(Stored data entries)
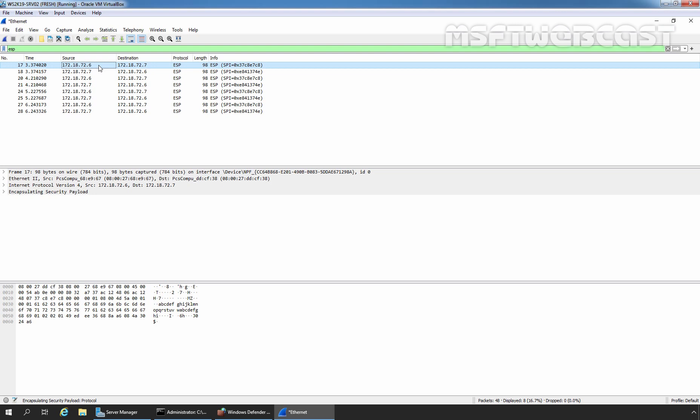That concludes the video on how to create a server-to-server connection security rule in Windows Server 2019 firewall using group policy. Thank you all for watching this video. Have a nice day.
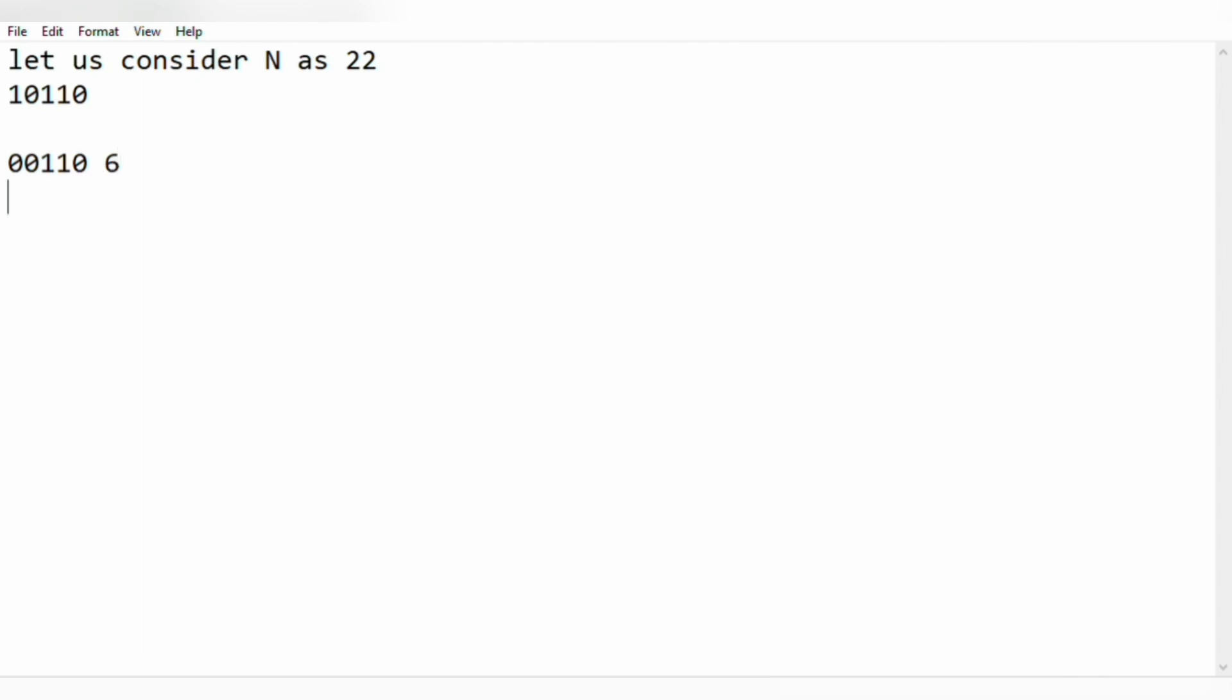And for the next, 10010 which represents 18, 10100 which represents 21.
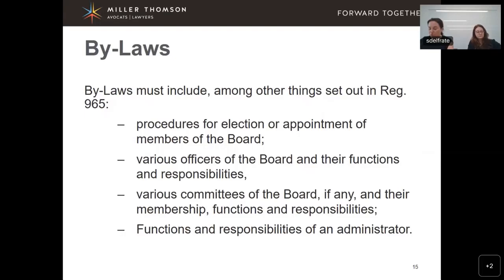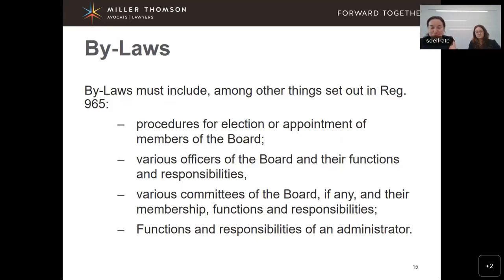Regulation 965 also adds other components to what bylaws must include: procedure for election or appointment of members of the board; various officers of the board and their functions and responsibilities; various committees of the board and their membership, functions, and responsibilities; and the functions and responsibility of an administrator. When crafting bylaws, one must have regard to the requirements found in Regulation 965. Bylaws can address other issues as well, but they must at a minimum address what Regulation 965 requires.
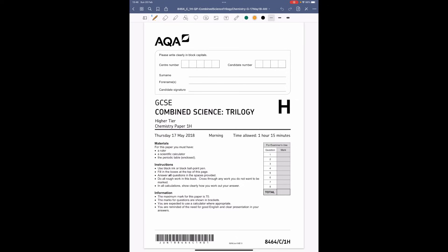Hello everyone. This is the GCSE Combined Science Trilogy paper - chemistry paper one, the higher tier paper that pupils sat in May 2018. I'm going to go through a model of how I would have tackled it, and on the right hand side is a link to the blank past paper and mark scheme, along with specific revision videos for the content question by question.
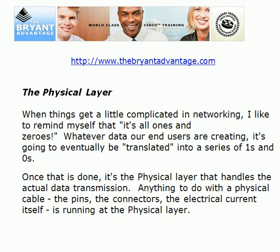The physical layer — whenever things get complicated, remember it's all ones and zeros. That's really what networking is: we're taking ones and zeros and getting them to the right place. Whatever data end users are creating, it's eventually going to be turned into a stream of ones and zeros. It's the physical layer that handles the actual data transmission itself. Anything that has to do with a physical cable — whether it's the pins, the connectors, or the electrical current itself — is said to be running at the physical layer.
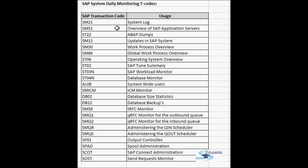ST22 shows the ABAP dumps — that is the runtime errors list. This is also very important for troubleshooting. You can run ST22, apply filter criteria like user or date, and get the list of errors. Double-clicking any dump takes you to the details where you get all the information required for troubleshooting. If you are not able to fix the error, you can also raise a message to SAP online SAP service.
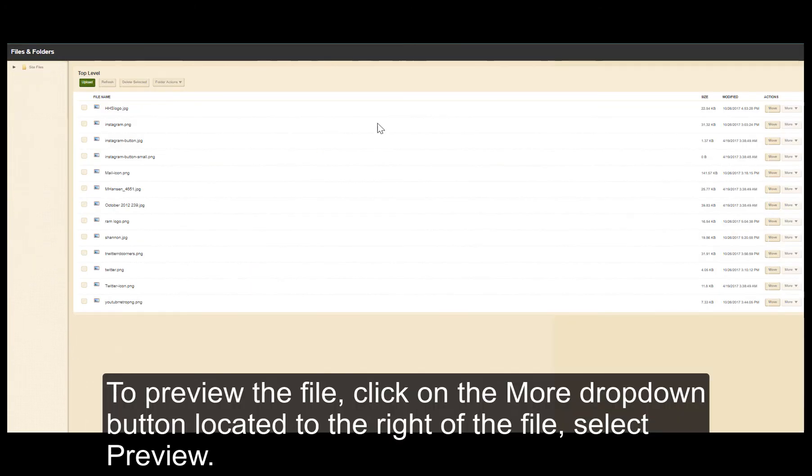To preview a file, click on the More drop-down button located to the right of the file, then select Preview.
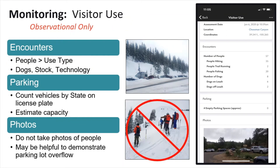Visitor use monitoring is available to any RIMS user. There is a long list of user types including both summer and winter activities. The goal of this module is to collect observational data counts of users on public lands. For example, you can count how many cars are at the trailhead and where any overflow is happening, or how many hikers, skiers, bikers, etc. you encounter on the trail. This helps land managers understand visitor use versus impacts and changes over time so they can anticipate trends and plan accordingly. Photos of parking lots can be especially helpful in estimating capacity.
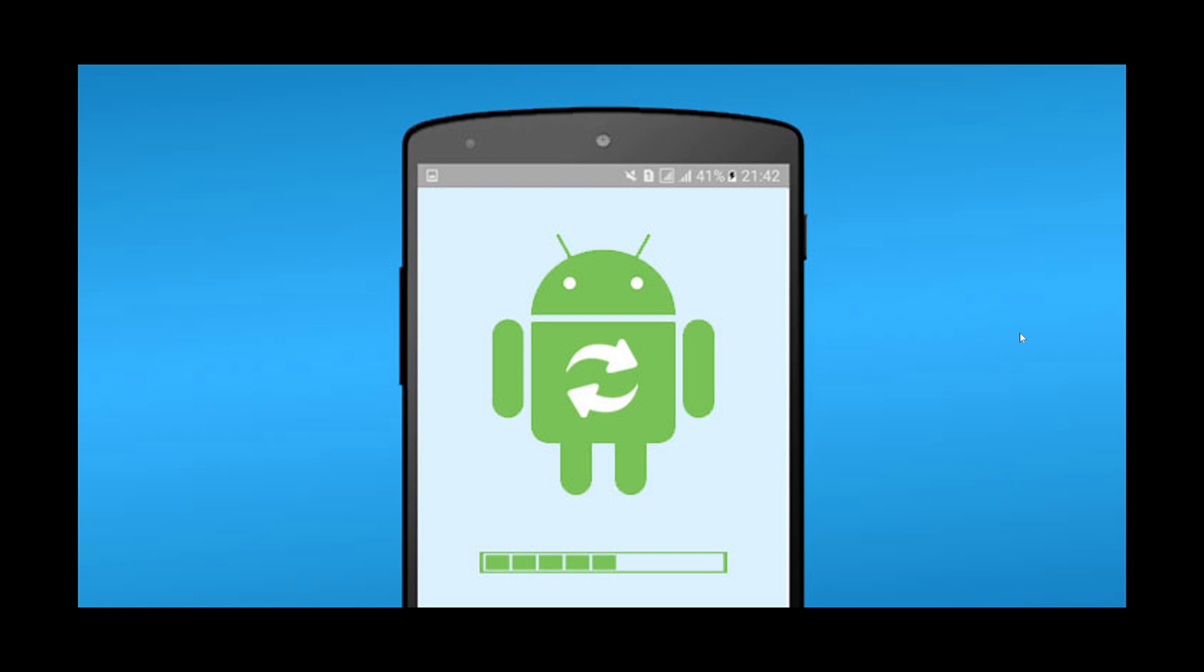Now the October security updates for Android, of course, are available if you have a Pixel phone. The Google phones always have the updates immediately. This is the way it should be actually, so you guys will be safe, while most other people, including me with the Samsung phone, will not for a little while.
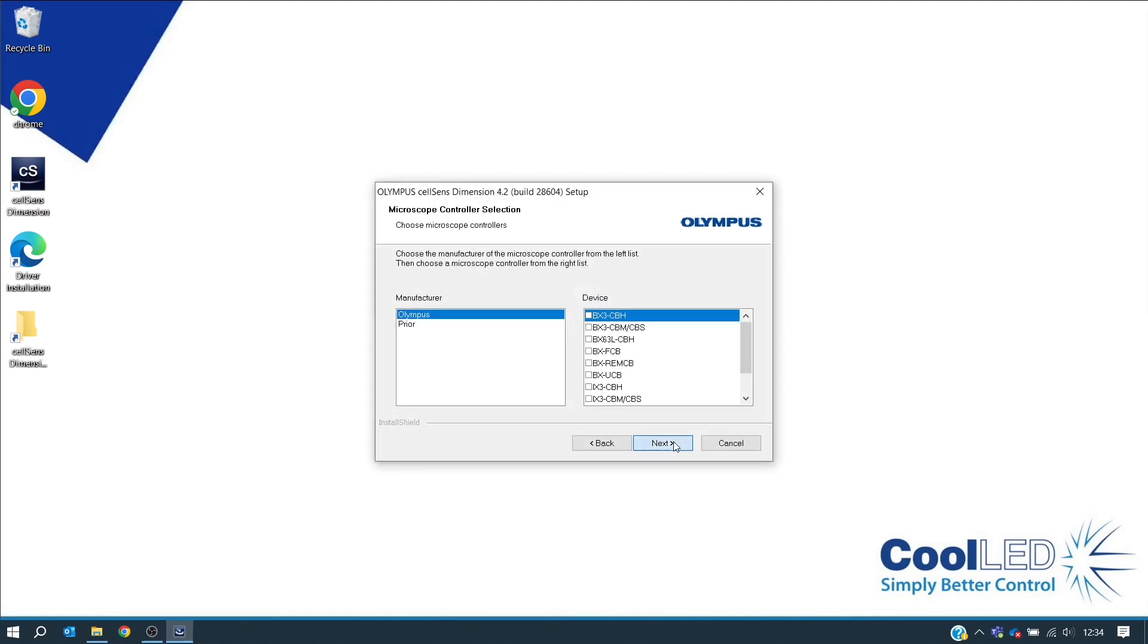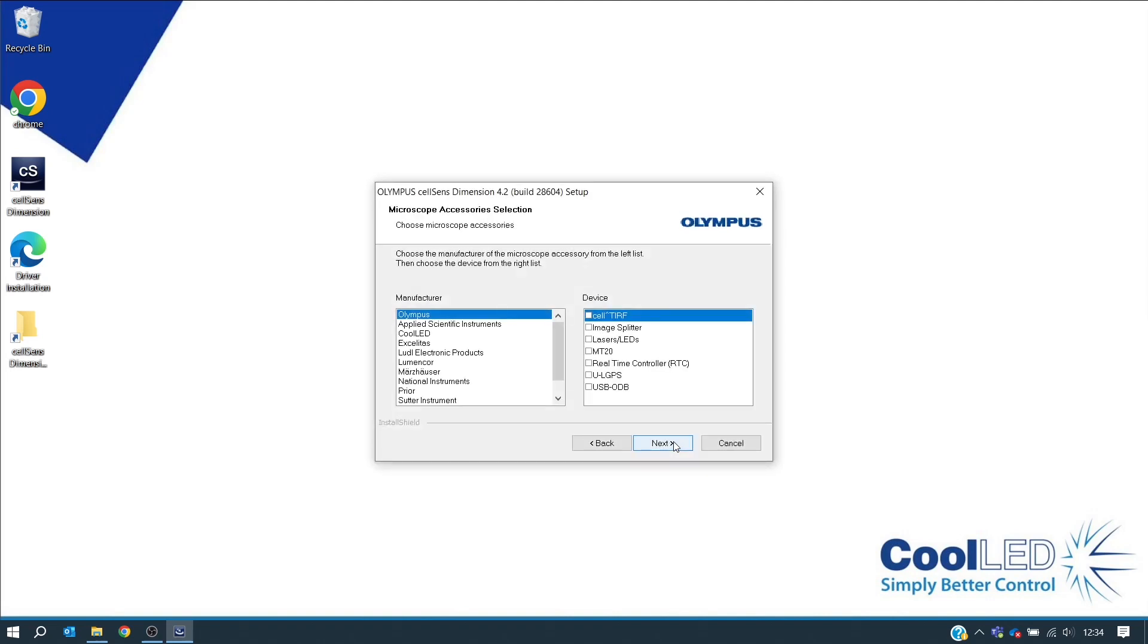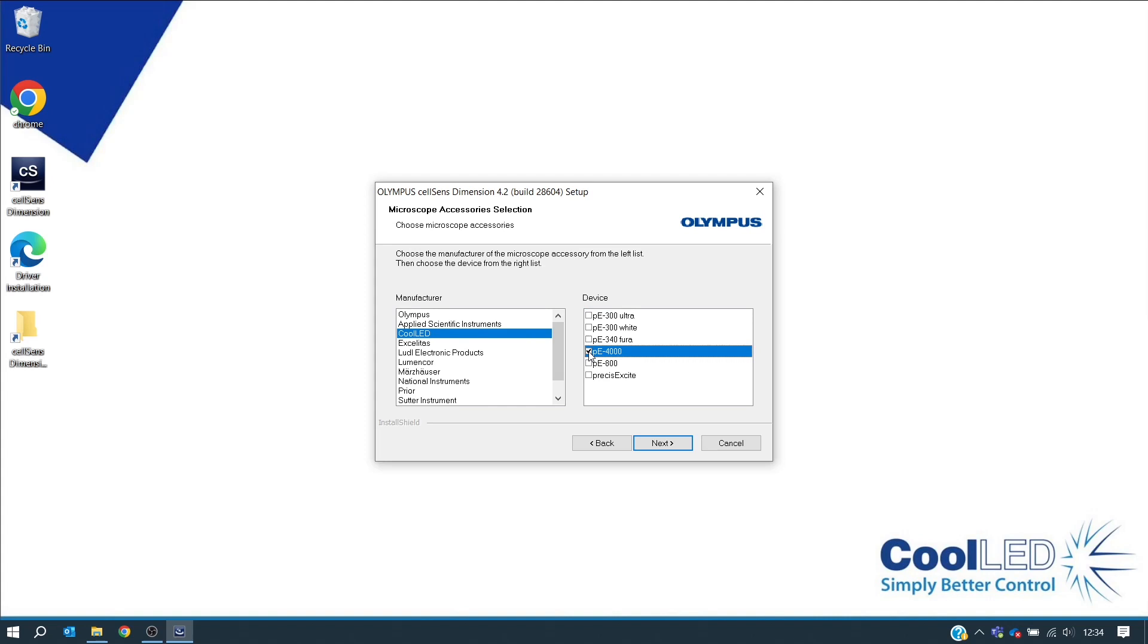And now you have reached the microscope accessories selection window. This is where you can select Cool-LED. We are selecting the PE4000 here, and you can also select any other illumination systems you require. We are selecting the PE800. Click Next.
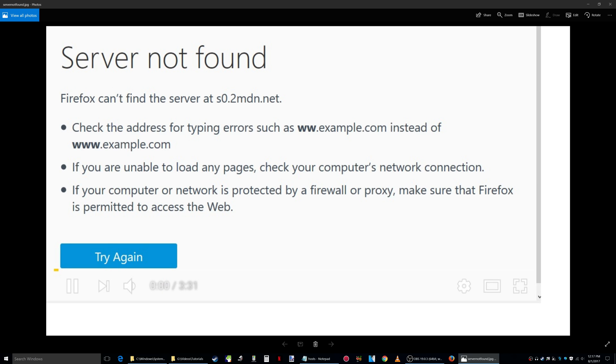What's up everybody, Rick here. If you get this message when starting up a YouTube video, you're getting this because Windows is blocking this URL. Part of this URL is s0.2mdn.net. It's blocking that because I believe one of the programs I have in Windows...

▶ [EXERCISE REQUIREMENTS] The entries above are to be restated verbatim, with no pictures carried over.

▶ [ANSWER TO THIS PROBLEM]
That concludes the video on how to create a server-to-server connection security rule in Windows Server 2019 firewall using group policy. Thank you all for watching this video. Have a nice day.
And for the next, 10010 which represents 18, 10100 which represents 21.
Regulation 965 also adds other components to what bylaws must include: procedure for election or appointment of members of the board; various officers of the board and their functions and responsibilities; various committees of the board and their membership, functions, and responsibilities; and the functions and responsibility of an administrator. When crafting bylaws, one must have regard to the requirements found in Regulation 965. Bylaws can address other issues as well, but they must at a minimum address what Regulation 965 requires.
Hello everyone. This is the GCSE Combined Science Trilogy paper - chemistry paper one, the higher tier paper that pupils sat in May 2018. I'm going to go through a model of how I would have tackled it, and on the right hand side is a link to the blank past paper and mark scheme, along with specific revision videos for the content question by question.
The physical layer — whenever things get complicated, remember it's all ones and zeros. That's really what networking is: we're taking ones and zeros and getting them to the right place. Whatever data end users are creating, it's eventually going to be turned into a stream of ones and zeros. It's the physical layer that handles the actual data transmission itself. Anything that has to do with a physical cable — whether it's the pins, the connectors, or the electrical current itself — is said to be running at the physical layer.
ST22 shows the ABAP dumps — that is the runtime errors list. This is also very important for troubleshooting. You can run ST22, apply filter criteria like user or date, and get the list of errors. Double-clicking any dump takes you to the details where you get all the information required for troubleshooting. If you are not able to fix the error, you can also raise a message to SAP online SAP service.
To preview a file, click on the More drop-down button located to the right of the file, then select Preview.
Visitor use monitoring is available to any RIMS user. There is a long list of user types including both summer and winter activities. The goal of this module is to collect observational data counts of users on public lands. For example, you can count how many cars are at the trailhead and where any overflow is happening, or how many hikers, skiers, bikers, etc. you encounter on the trail. This helps land managers understand visitor use versus impacts and changes over time so they can anticipate trends and plan accordingly. Photos of parking lots can be especially helpful in estimating capacity.
Now the October security updates for Android, of course, are available if you have a Pixel phone. The Google phones always have the updates immediately. This is the way it should be actually, so you guys will be safe, while most other people, including me with the Samsung phone, will not for a little while.
And now you have reached the microscope accessories selection window. This is where you can select Cool-LED. We are selecting the PE4000 here, and you can also select any other illumination systems you require. We are selecting the PE800. Click Next.
What's up everybody, Rick here. If you get this message when starting up a YouTube video, you're getting this because Windows is blocking this URL. Part of this URL is s0.2mdn.net. It's blocking that because I believe one of the programs I have in Windows...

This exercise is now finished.